Exercise objective —
Repeat the data exactly. Pictures are not part of the copy.

*** Opening of Data ***

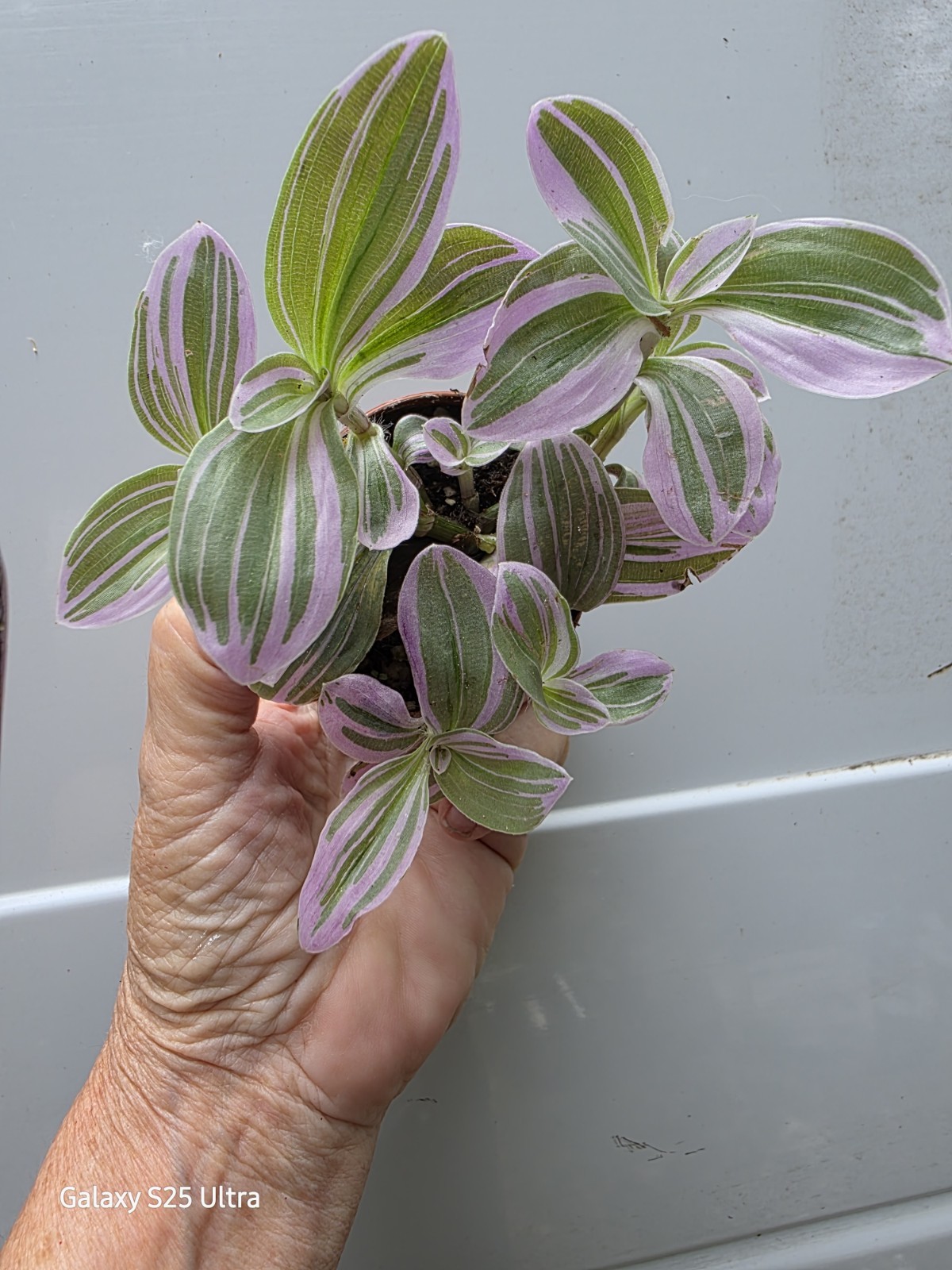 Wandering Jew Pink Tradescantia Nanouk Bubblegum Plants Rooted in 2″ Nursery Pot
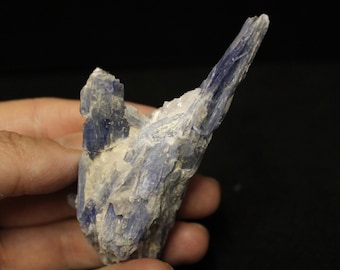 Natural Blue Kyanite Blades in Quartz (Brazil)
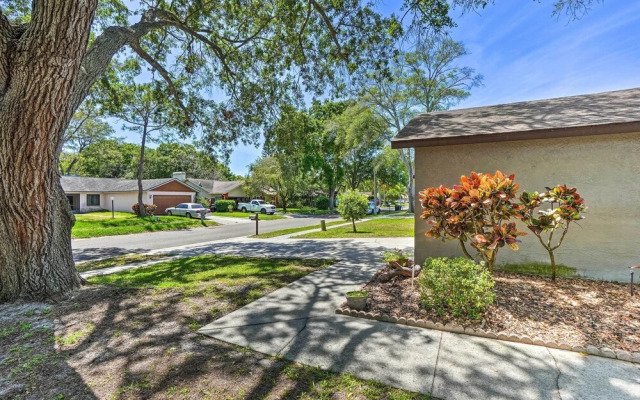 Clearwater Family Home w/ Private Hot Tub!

*** Close of Data ***

Answer box —
 Wandering Jew Pink Tradescantia Nanouk Bubblegum Plants Rooted in 2″ Nursery Pot
 Natural Blue Kyanite Blades in Quartz (Brazil)
 Clearwater Family Home w/ Private Hot Tub!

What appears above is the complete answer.